Cyber-Sicherheit in Mönchengladbach „Schon die Schüler müssen trainiert werden“

Mönchengladbach · Oberbürgermeister Hans Wilhelm Reiners, Hochschulpräsident Prof. Hans-Hennig von Grünberg und IHK- Hauptgeschäftsführer Jürgen Steinmetz über Internetkriminalität, das Hochschulquartier und den Strukturwandel nach dem Ende des Tagebaus.

 Hochschul-Präsident Hans-Hennig von Grünberg, OB Hans Wilhelm Reiners und Jürgen Steinmetz von der IHK (v.l.).

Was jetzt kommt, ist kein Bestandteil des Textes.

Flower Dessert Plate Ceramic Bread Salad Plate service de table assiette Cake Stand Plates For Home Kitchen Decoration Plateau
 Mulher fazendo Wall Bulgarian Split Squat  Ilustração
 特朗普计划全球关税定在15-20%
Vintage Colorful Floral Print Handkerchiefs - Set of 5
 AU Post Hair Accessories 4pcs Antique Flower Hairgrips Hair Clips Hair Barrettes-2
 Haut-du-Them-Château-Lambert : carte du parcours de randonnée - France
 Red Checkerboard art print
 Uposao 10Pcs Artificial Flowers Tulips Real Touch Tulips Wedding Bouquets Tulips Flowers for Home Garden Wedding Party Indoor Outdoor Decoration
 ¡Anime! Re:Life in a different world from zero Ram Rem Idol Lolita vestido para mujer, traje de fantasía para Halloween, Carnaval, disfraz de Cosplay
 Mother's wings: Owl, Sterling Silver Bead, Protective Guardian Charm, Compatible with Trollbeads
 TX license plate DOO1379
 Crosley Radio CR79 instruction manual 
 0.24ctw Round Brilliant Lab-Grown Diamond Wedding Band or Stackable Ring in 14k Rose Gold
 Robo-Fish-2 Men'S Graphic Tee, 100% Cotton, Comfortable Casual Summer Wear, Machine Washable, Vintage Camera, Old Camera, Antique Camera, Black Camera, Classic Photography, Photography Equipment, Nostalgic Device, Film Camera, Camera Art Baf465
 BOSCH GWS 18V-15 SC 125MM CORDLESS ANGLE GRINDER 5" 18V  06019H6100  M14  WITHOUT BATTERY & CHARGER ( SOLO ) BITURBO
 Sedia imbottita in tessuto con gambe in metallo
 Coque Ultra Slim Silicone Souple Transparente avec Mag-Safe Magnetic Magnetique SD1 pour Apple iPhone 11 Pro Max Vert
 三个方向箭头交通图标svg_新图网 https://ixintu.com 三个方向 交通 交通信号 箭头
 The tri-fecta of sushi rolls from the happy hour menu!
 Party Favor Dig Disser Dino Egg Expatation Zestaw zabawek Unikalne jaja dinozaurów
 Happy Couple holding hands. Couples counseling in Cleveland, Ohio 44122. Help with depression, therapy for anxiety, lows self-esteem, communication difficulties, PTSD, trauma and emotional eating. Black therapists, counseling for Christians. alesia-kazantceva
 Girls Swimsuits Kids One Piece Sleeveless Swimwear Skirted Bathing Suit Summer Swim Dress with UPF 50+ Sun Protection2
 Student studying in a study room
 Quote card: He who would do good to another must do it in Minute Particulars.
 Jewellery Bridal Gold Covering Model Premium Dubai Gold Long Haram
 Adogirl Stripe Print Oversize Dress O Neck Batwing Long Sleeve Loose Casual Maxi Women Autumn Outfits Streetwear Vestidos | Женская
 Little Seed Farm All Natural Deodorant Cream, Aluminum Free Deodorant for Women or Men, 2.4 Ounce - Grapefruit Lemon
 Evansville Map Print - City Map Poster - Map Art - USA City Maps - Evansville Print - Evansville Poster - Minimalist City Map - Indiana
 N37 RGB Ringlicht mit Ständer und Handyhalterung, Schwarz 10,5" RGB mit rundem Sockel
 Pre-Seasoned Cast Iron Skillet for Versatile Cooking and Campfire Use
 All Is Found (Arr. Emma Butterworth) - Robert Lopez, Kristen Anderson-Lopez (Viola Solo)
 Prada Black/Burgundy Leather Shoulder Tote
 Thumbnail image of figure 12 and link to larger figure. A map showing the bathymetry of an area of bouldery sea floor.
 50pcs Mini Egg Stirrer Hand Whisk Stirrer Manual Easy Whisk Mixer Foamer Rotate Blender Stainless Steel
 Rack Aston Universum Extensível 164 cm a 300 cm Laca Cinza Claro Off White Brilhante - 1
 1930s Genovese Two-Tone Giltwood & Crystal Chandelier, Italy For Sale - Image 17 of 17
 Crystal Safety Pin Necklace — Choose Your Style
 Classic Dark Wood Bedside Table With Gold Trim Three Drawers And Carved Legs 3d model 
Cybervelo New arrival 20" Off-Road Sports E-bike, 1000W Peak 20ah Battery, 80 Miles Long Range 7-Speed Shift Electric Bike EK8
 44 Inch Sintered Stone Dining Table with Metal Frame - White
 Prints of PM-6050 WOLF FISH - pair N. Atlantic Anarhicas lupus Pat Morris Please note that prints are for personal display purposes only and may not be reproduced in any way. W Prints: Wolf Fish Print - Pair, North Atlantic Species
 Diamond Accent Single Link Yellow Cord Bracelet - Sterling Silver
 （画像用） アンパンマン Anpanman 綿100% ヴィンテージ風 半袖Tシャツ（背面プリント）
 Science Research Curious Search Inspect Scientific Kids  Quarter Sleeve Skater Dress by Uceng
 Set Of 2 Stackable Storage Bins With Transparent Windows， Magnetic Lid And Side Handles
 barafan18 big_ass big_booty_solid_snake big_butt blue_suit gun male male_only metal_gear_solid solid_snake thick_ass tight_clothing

Hochschul-Präsident Hans-Hennig von Grünberg, OB Hans Wilhelm Reiners und Jürgen Steinmetz von der IHK (v.l.).

Foto: Bauch, Jana (jaba)

Der Hackerangriff auf 1000 Politiker macht Schlagzeilen. Sind Sie persönlich schon mal Opfer von Internet-Kriminalität geworden?

Von Grünberg Vor zwei oder drei Jahren kursierten E-Mails an der Hochschule, in denen mein Name verwendet wurde, um Kontodaten abzufragen. Wir haben das der Polizei gemeldet, die aber nichts machen konnte, weil der Absender im Ausland saß. Das war eine ungute Erfahrung. Unser Leben verschiebt sich mehr und mehr ins Internet. In gleichem Maße wächst die Bedeutung der Cyber-Sicherheit. Sie ist jetzt so wichtig wie die Wände eines Hauses für einen geschützten Aufenthalt.
Steinmetz Bei mir ist der Facebook-Account schon einmal gehackt worden. Ich saß in einer Besprechung, als ich gemerkt habe, was passiert ist und musste alles in Bewegung setzen, um der Sache Herr zu werden. Man spürt dann, wie verwundbar man ist. Als IHK sind wir ständig Hackerattacken ausgesetzt, aber wir haben eine gute Abwehr.
Reiners Toi, toi, toi, ich hatte noch keinen gehackten Account. Ich war allerdings schon immer sehr sensibel, was Datensicherheit angeht. Ich bin konsequent, tausche Passwörter aus und nehme das Thema Sicherheit nicht auf die leichte Schulter.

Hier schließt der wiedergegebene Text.